Records for processing:

_ _ _ _

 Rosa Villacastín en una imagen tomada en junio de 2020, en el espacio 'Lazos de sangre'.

_ _ _ _

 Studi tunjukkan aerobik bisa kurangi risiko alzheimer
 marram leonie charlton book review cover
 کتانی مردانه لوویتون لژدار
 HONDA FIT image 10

_ _ _ _

Activity: I'd like the lines above from the one with "Studi tunjukkan aerobik" up to and including the one with "HONDA FIT image 10" copied exactly, with no other lines.

Final answer:
 Studi tunjukkan aerobik bisa kurangi risiko alzheimer
 marram leonie charlton book review cover
 کتانی مردانه لوویتون لژدار
 HONDA FIT image 10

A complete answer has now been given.